By Johanna Cano, posted Jan 3, 2020
Velva Jenkins, who has served as the interim CEO of the YWCA Lower Cape Fear since July, has been named as CEO. (Photo courtesy of YWCA Lower Cape Fear)
Velva Jenkins is the new YWCA Lower Cape Fear CEO, the organization’s board of directors announced Friday.

Jenkins has served as the YWCA’s interim CEO since July, a role she took after the YWCA’s previous CEO, Charrise Hart, left her position for a job opportunity in Greensboro.

"I am delighted and honored the board of directors has asked me to remain at the helm of the YWCA and spearhead a capital campaign," Jenkins said in a press release.

"This is a big year with the 100th and 55th anniversaries of women's right to vote," she said, referring to the 19th Amendment and Voting Rights Act.

Jenkins was previously vice president of Continuing Education, Economic and Workforce Development at Brunswick Community College.
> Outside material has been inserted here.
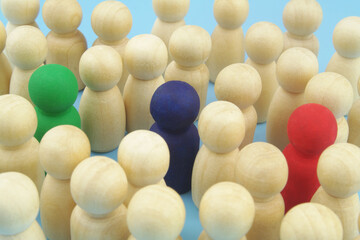Uniqueness, talent search, individuality and recruitment concept. Crowd of wooden people figures, few figures colored.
"Velva agreed to be our interim CEO and in the few months of her leadership, she has far exceeded any of our expectations," Carol Kennedy, YWCA board president, said in the release. "We are delighted that she has agreed to stay on at least a few more years to see us through some major capital improvements and increase program expansions. We are putting plans in place for bigger brighter and bolder future for the YWCA and we can't wait for all the counties that we service to see an increased impact."

The YWCA Lower Cape Fear, which provides services for women focused on racial justice, economic advancement, early education, health, and more, launched a Women’s Empowerment 360° Program this year to help women of color grow and sustain businesses, according to its website.

Jenkins comes to her new role with a master’s degree in business administration from Webster University and experience on serving on numerous boards and committees, according to the release.

She was recently appointed to serve on the N.C. Early Childhood Advisory Council.

“I am extremely excited to be a part of the YWCA movement that is incredibly strong and dedicated to eliminating racism and empowering women and girls across the Lower Cape Fear," Jenkins said.